6. Having said all that, I have been involved a number of times with settlements where the deal falls apart before it is fully documented, and courts are generally highly reluctant to enforce a settlement agreement if they are not absolutely convinced that the deal as struck is truly a binding agreement. It is impossible to evaluate this without being able to see the 2-pager itself (which is not in this record). Based on that experience, though (and every litigator will attest to this), it could well be that the ConnectU side has good grounds to get the settlement set aside, and I assume that explains the tremendous effort that has gone into this. Even if they don't ultimately succeed, this puts enormous pressure on FB and Mr. Zuckerberg to settle up at a much higher amount than that of the original settlement, even while the appeal is pending. The lawyers representing FB are undoubtedly sitting their client down and reviewing the parade of horribles in great detail, if nothing else just because they want to cover themselves from liability.

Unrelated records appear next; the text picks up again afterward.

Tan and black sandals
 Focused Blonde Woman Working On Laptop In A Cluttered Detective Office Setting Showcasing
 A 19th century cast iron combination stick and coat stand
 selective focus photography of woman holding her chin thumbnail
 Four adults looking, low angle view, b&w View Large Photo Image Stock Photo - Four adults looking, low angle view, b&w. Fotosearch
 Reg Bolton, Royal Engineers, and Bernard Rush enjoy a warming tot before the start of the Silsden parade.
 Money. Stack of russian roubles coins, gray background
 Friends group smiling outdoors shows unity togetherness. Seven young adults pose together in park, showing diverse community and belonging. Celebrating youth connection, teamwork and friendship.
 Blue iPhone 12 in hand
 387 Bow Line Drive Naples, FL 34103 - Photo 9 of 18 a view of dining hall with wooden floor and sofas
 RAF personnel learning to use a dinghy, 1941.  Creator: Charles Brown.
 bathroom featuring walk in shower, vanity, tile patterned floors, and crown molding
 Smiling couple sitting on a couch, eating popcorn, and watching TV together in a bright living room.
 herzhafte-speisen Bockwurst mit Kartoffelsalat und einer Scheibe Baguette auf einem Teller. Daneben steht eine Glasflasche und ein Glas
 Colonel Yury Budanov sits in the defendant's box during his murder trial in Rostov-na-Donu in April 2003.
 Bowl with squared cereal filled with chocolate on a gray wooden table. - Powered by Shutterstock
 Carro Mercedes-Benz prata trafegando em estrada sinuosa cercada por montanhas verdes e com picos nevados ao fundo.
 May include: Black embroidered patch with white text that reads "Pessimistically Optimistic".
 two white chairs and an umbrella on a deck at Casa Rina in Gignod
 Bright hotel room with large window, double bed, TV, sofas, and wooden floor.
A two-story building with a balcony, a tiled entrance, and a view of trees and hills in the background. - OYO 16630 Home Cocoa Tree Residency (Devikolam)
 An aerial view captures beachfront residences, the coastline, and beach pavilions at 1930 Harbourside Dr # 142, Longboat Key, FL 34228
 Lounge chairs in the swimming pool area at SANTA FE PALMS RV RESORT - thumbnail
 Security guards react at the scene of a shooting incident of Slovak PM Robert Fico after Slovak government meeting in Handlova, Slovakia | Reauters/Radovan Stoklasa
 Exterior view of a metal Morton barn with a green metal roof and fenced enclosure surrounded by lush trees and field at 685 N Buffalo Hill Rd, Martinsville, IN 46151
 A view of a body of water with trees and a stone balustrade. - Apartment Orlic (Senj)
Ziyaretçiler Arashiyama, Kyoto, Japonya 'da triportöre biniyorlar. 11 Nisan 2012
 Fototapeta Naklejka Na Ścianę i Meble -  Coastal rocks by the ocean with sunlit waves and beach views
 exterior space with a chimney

7. I don't know any of the participants here but, from what I have read in news reports, the founders on each side of this do seem to deserve each other - but I can't say that about innocent investors and others who stand to lose and lose big if this goes awry. This is just the sort of royal mess that winds up on law school and bar exams to test the limits of a candidate's knowledge when something gets super-complex with myriad twists and turns. Not a happy situation for anyone really.
I am glad to bring clarity to such items - they really can get confusing if one lacks the legal background and the experience with litigation. I also am a pretty fast writer and so can do this sort of thing pretty quickly (apologies for the wall of text, though).
Of course, once the fight was on, this firing was a pretty nasty move. Since I assume FB was surprised by the fact that this did not settle, I don't think it was planned from inception from that particular angle, however.
These two parties were practically made for each other.
I am new to the startup world and do not really understand the finance in the 5th point. Is there an article or something that could elucidate on this as I am not one "who has been through even a single financing with a startup will know this"?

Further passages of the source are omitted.